BEGIN THE INPUT

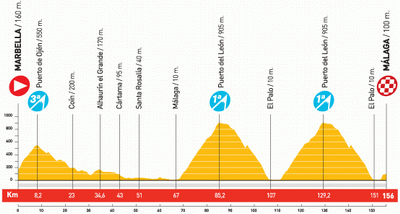 The profile of stage 3 of the Vuelta a Espa&ntildea 2010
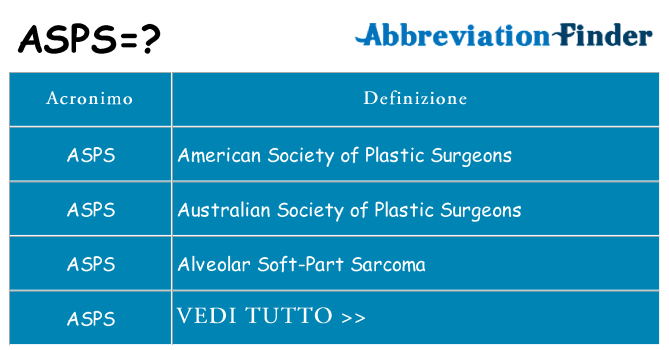 Che cosa significa l'acronimo asps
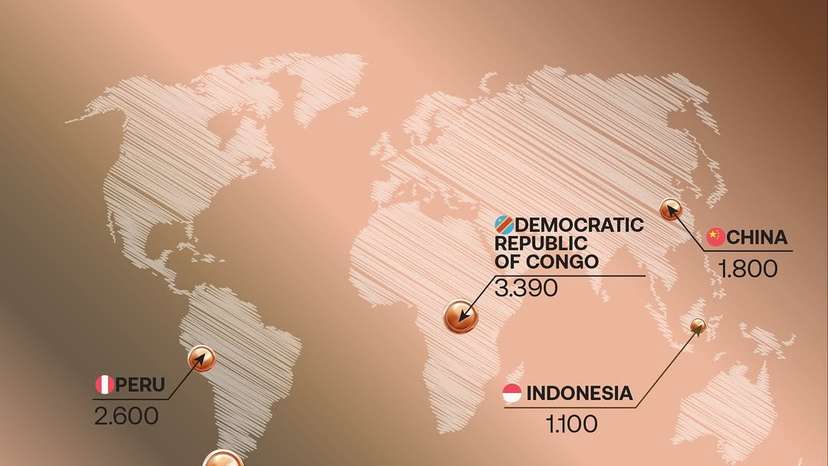 Global #silver demand fell by 3% in 2024, totaling 1.16 billion ounces. The decline was largely  (2)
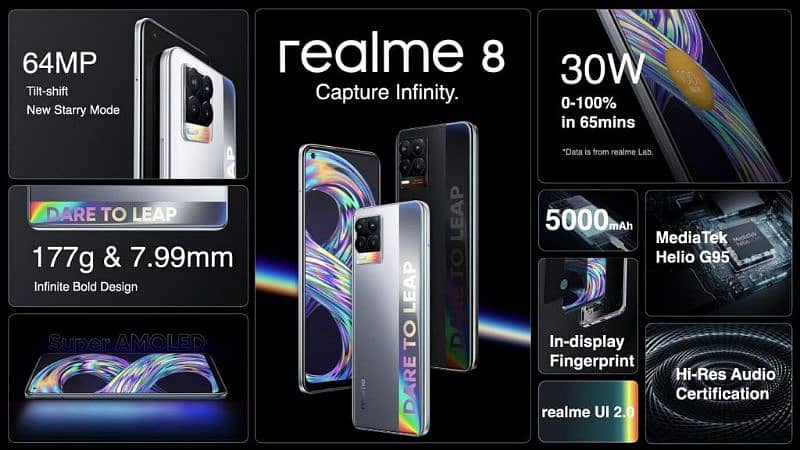 Realme 8 6/128 non pta 1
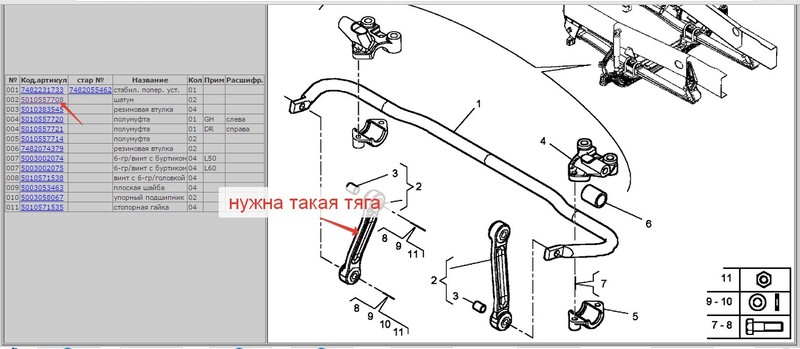 Тяга Renault Magnum 2008 г.  12.9 л дизель Еланец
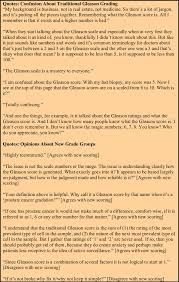 Prostate cancer can be deadly. Quotes From Prostate Cancer Patient Focus Groups About Traditional Download Scientific Diagram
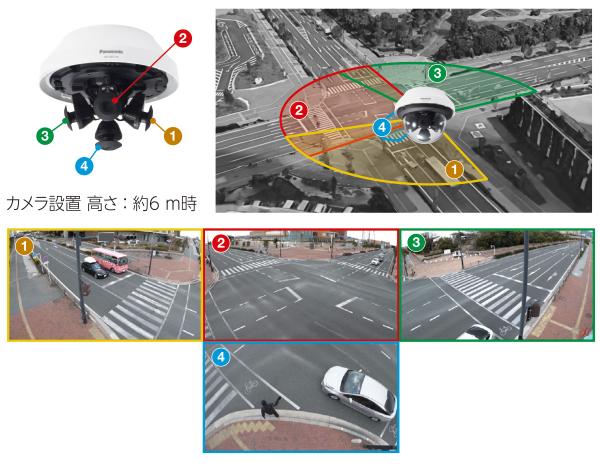 水平270°＋真下監視 撮影配置の撮影イメージ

END THE INPUT

• [BRIEF] Without the pictures, give back every record precisely as shown.

• [RESPONSE BELOW]
 The profile of stage 3 of the Vuelta a Espa&ntildea 2010
 Che cosa significa l'acronimo asps
 Global #silver demand fell by 3% in 2024, totaling 1.16 billion ounces. The decline was largely  (2)
 Realme 8 6/128 non pta 1
 Тяга Renault Magnum 2008 г.  12.9 л дизель Еланец
 Prostate cancer can be deadly. Quotes From Prostate Cancer Patient Focus Groups About Traditional Download Scientific Diagram
 水平270°＋真下監視 撮影配置の撮影イメージ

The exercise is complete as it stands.